Standalone Android ASR · May 2026

Transcriber

On-device speech intelligence for Android. Record, transcribe, translate, and clean up without leaving the phone.

Gemma 4 Whisper.cpp Apache-2.0 Sideload APK
100% Local inference — Whisper.cpp and Gemma 4 run entirely on the device's GPU and CPU.
0 Network calls in a run. Audio, transcripts, and sidecars never leave the phone. Sharing is opt-in.
2.6GB Default model — Gemma 4 E2B weights, fetched once. Bigger Whisper and embedding models optional.
2 ASR engines side by side — Gemma 4 E2B and Whisper.cpp. Pick one per recording.
4 Languages anchored against drift — Arabic, Ukrainian, English, Dutch. Multi-select, constrained auto-detect.
84ms Library search across every segment of ~1000 recordings. Sub-100 ms, case-insensitive.

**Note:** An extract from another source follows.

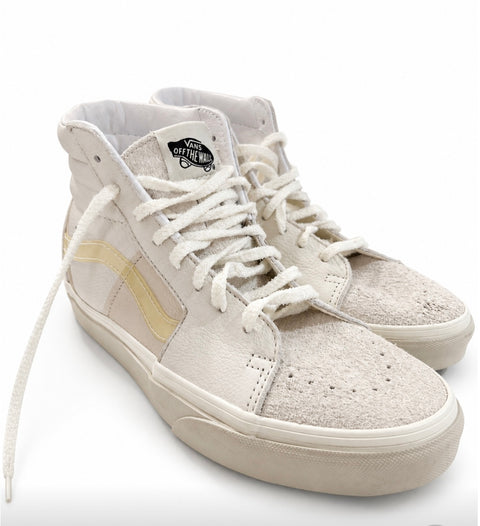 Vans Women's Grey /White SK8 Hi High Sneakers | Vans in Lebanon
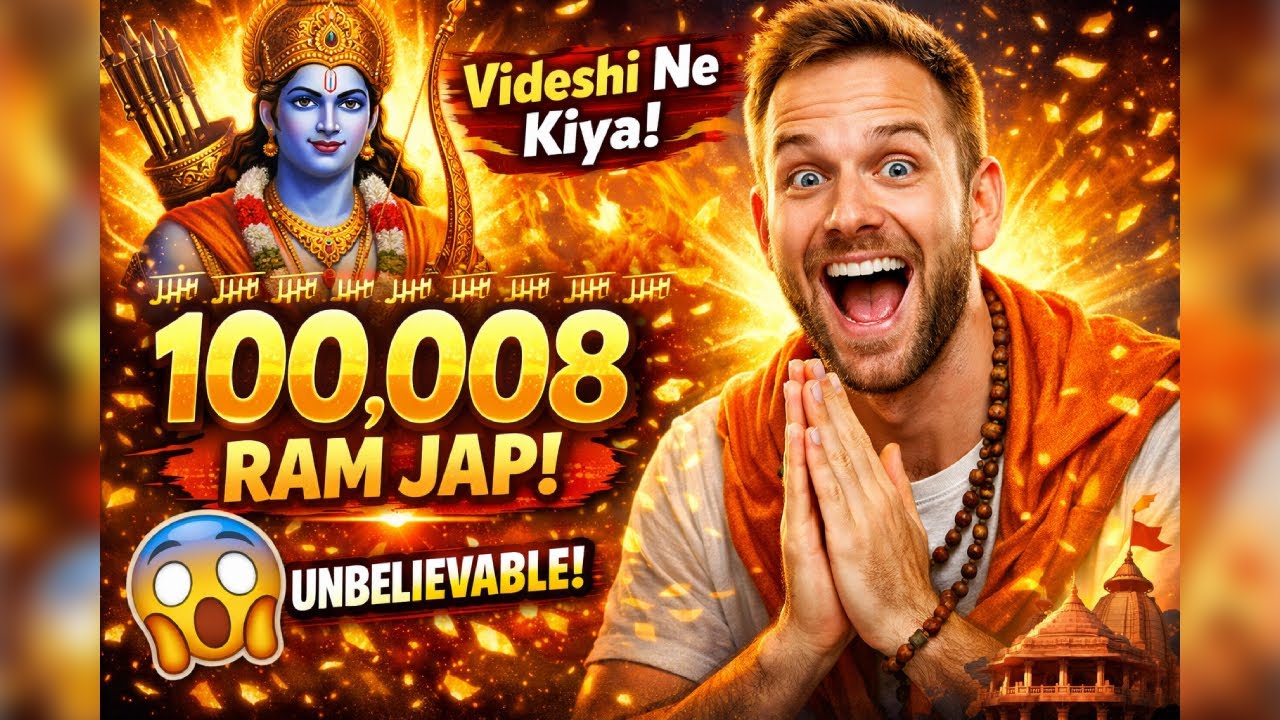 Foreigner Chanted “RAM” 100008 Times 😱 | Ram Naam Jap Power 🔥 | Girik Studios #RAM #girikstudios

From mic to clean transcript, in one pass.

Capture
16 kHz mono PCM Mic or imported WAV / MP3 / M4A / AAC / OGG / FLAC
Segment
VAD silence scan Cut points snap to pauses ≥ 250 ms inside ±2 s
Recognize
Gemma 4 E2B or Whisper.cpp Streamed token by token, single long-lived engine
Diarize
sherpa-onnx clusters Reconciled with Gemma's inline Speaker N: labels
Post-process
Summary, rewrite, clean, translate Same Gemma engine, four prompt presets
Persist
Room DB + sidecars .txt · .srt · .json · .speakers.json beside the audio file

Two engines, one app. Switch per recording.

Gemma 4 E2B · LiteRT-LM 0.11 Default
Transcribe, translate, and diarize from one weight set.
Size
2.59 GB on disk · 676 MB GPU footprint
Best for
Dialectal Arabic, code-switching, Ukrainian
Strengths
Holds Gulf Arabic without collapsing to MSA. Streaming decode keeps peak heap ~6 MB regardless of file length.
Whisper.cpp · ggml
The classic open-source baseline.
Models
tiny (75 MB) · small (466 MB) · large-v3-turbo q5_0 (574 MB)
Best for
Predictable latency · live transcription on weak devices
Strengths
Faster cold start. Pairs with sherpa-onnx for stable speaker IDs across hour-long meetings.

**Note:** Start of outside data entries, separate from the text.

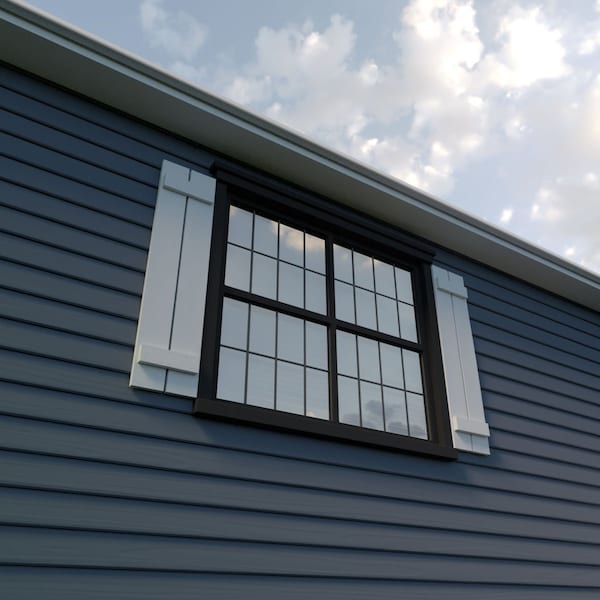 Ekena Millwork Rustic Two Board Spaced Board-n-Batten Rough Cedar Faux Wood Shutters, 11 1/2W x 40H, PR - SHUBSS11X40RCPR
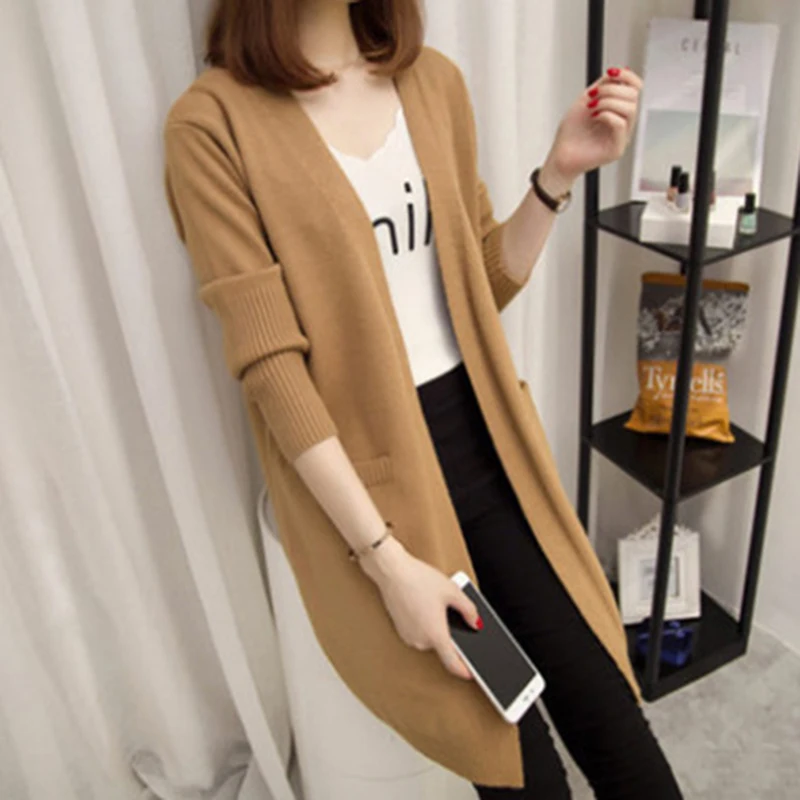 Autumn Winter Sweater Long Cardigan Female Fashion Long Sleeve Tricot Cardigan Women Sweater Jacket Tops Coat
Autumn Winter Sweater Long Cardigan Female Fashion Long Sleeve Tricot Cardigan Women Sweater Jacket Tops Coat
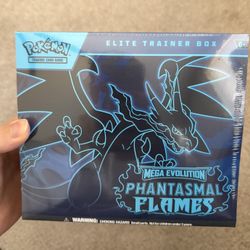 Pokémon TCG Phantasmal Flames ETB – Sealed, Never Opened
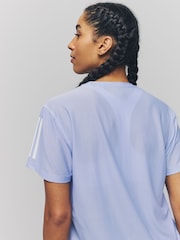 adidas Purple Own The Run T-Shirt - Image 5 of 5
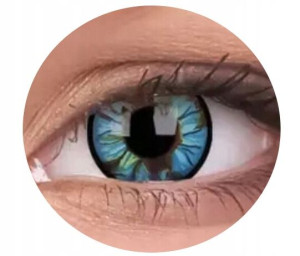 Soczewki kolorowe kontaktowe Crazy Lens Moon Art, 2 szt. zmieniające kolor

Including the ones that usually drift to English.

Arabic
العربية
Gulf / Qatari dialect anchored in the prompt — won't collapse to MSA at temperature 0.1.
Ukrainian
Українська
Held against Russian by the same dialect-name-twice template Google's audio cookbook recommends.
English
English
US, UK, and accented variants. The baseline that everything is checked against.
Dutch
Nederlands
NL and BE. Domain vocabulary packs propagate as Gemma spelling hints.

Multi-select picker. Empty = full auto-detect. One = forced. Multiple = constrained auto — faster and more accurate than letting Gemma consider 100+ languages.

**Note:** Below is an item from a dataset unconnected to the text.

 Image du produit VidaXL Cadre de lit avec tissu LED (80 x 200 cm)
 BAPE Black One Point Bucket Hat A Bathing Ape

Three ways to figure out who said what.

01
Gemma-only
Prompt-based Speaker N: labels emitted inline by Gemma 4. No extra download.
Zero install
02
Hybrid
sherpa-onnx pre-pass clusters speakers globally. Cluster IDs become per-chunk hints for Gemma, and reconcile its inline labels at write time.
Recommended
03
Whisper + sherpa
Run Whisper.cpp end-to-end, then assign speakers from sherpa's cluster output. Stable IDs across hour-long files.
Globally consistent

Bonus: when someone says "Hi, I'm Ahmed" in a segment, the detected name propagates to every segment with the same speaker key.

Four presets that read everything first.

A
Summary
TL;DR plus bullet key points and a decisions / action items list. Opens as a new tab next to Transcript.
B
Context-aware rewrite
Reads the entire transcript first, then rewrites each line using the conversation as context. Back-propagates name spellings; fixes homophones; doesn't paraphrase.
C
Clean
Line by line — fix STT errors, add punctuation, preserve language. Honors verbatim, filler, and tone settings.
D
Translate & polish
Idiomatic English prose, not segment-by-segment. Same Gemma engine, prompted to read for meaning before rendering.

Output is rendered Markdown · Share + Delete per output · all four prompts editable in Settings.

Teach it your jargon. Then forget you did.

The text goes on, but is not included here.